2nd April, 4pm – The Shoplifter’s Clothes @The Feminist Library with Silvia Bomdardini
As part of our programme, we have collaborated with textile artist Halina Edwards, who will be running a series of workshops across South London Gallery and the Feminist Library, teaching banner making and embroidery. As part of Halina’s work she will be leading a workshop inviting the public to embroider the Library’s canvas bookshelf covers, to remain in the Library as a permanent piece of community art. Members of the Feminist Library collective will be holding embroidery workshops/stitch-a-longs throughout the month, when they will be embroidering on those same bookshelf covers and teaching members of the public textile techniques.
Daniella Pizarro Torres will hold an online workshop on creating Chilean arpilleras, as testimonies of living memory (participants will need to have a needle, threads and pieces of fabric in order to participate).

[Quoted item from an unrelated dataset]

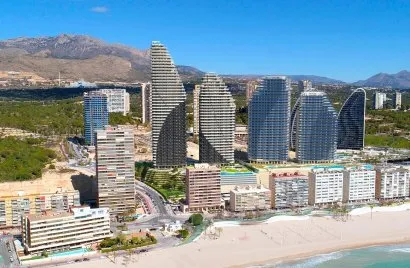 Apartamento de 4 dormitorios en Benidorm, Spain No. 440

The Feminist Library’s Spanish Book Club will hold a puppet-making workshop, which will take place on the 19th of March in the Library.
Silvia Bombardini will hold a participatory talk on women’s clothes as sartorial technologies and how these were complicit in acts of shoplifting in the early 20th century.

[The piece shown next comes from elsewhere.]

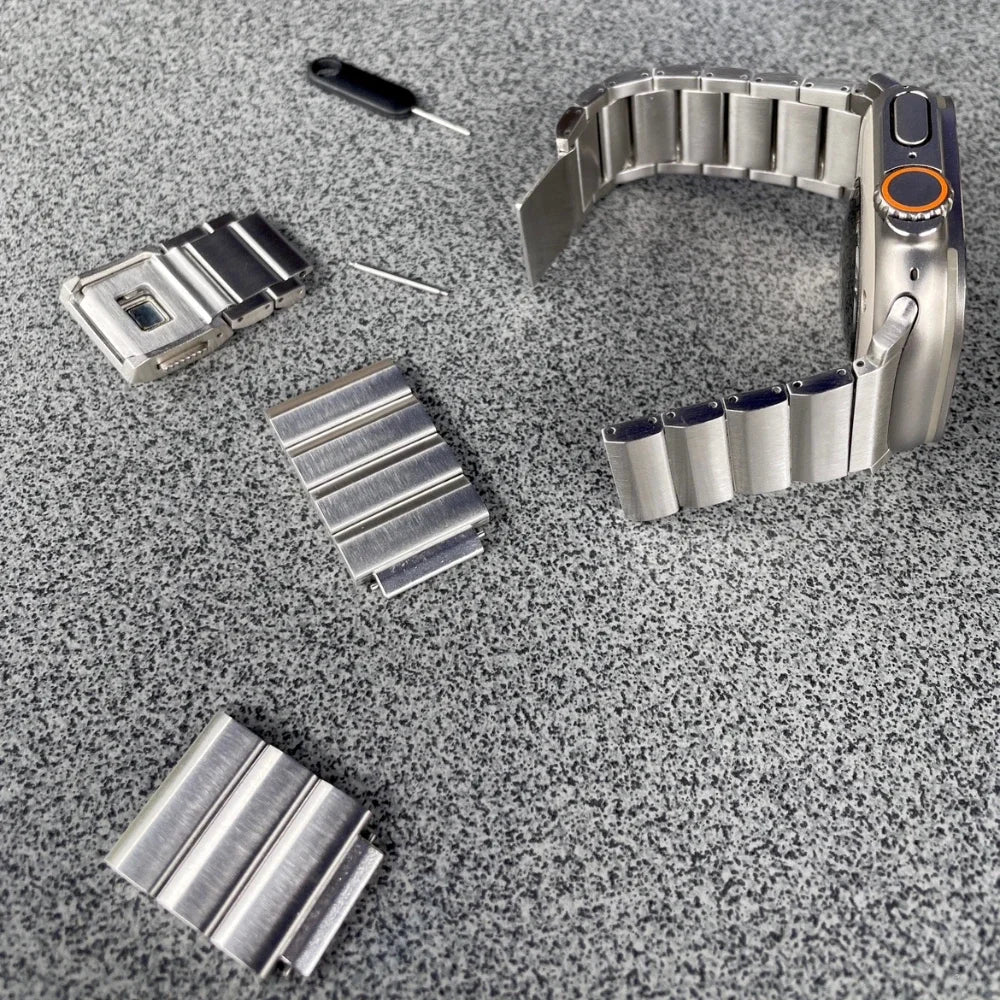 Luxury Titanium band for Apple Watch band Ultra 2 49mm 46mm 45mm 42mm Magnetic Correa for Apple Watch Series 10 9 8 7 6 SE 5 band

Artists who will be exhibited
Christina Mitrentse
Hannah Hill
Harriet Hill
Holly Cooper
Johanna de Verdier
Katerina Mimikou
Katrine Skovsgaard
Natasha Eves
Rachael House
Raisa Kabir
Rita Keegan
SLRA Women’s Group
Vittorio/a Camila Vilela Cogorno
About the Project
No Loose Strands is part of the Feminist Library’s ‘Preserving and Promoting Herstories’ project, funded by The National Lottery Heritage Fund. The Feminist Library will exhibit works by invited artists and also create pieces of textile art during community workshops throughout the month. The exhibition will feature quilts, banners and embroidered pieces as well as books, zines and journals from the Library’s collection, alongside new works created during workshops to be hung permanently as part of the fabric of the Library.
While simultaneously a historically ‘feminine medium’ and a means of transgression, textile art now provides a radical insight into knowledge production and communities. Works with textiles were previously relegated to the realm of ‘craft’ rather than ‘art’, and therefore divided across predictably gendered lines. However, reclamations of traditional handcrafts as both legitimate art and political tools are now widespread.

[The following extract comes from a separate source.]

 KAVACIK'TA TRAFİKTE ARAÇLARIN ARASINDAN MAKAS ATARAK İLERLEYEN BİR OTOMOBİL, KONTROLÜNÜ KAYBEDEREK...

Textile art is often collaborative, whether produced in knitting, weaving and sewing groups where people socialise, create support networks and share skills, or passed on from one generation of a family to the next. Textile arts have also been a prominent and iconic aesthetic in radical organising globally and in the UK. During Pinochet’s regime in Chile, narrative quilt squares called ‘arpilleras’ were sewn to both illustrate and protest the injustice of the dictatorship. In the UK, textiles have featured from the early 20th century Suffragette banners through to the 1970s the Women’s Liberation Movement and the Lesbians and Gays Support the Miners campaign of the 1980s. Banners are still prominent in contemporary direct action and protest groups: Sisters Uncut held banner making sessions ahead of their action in support of the women detained at Yarl’s Wood in 2018.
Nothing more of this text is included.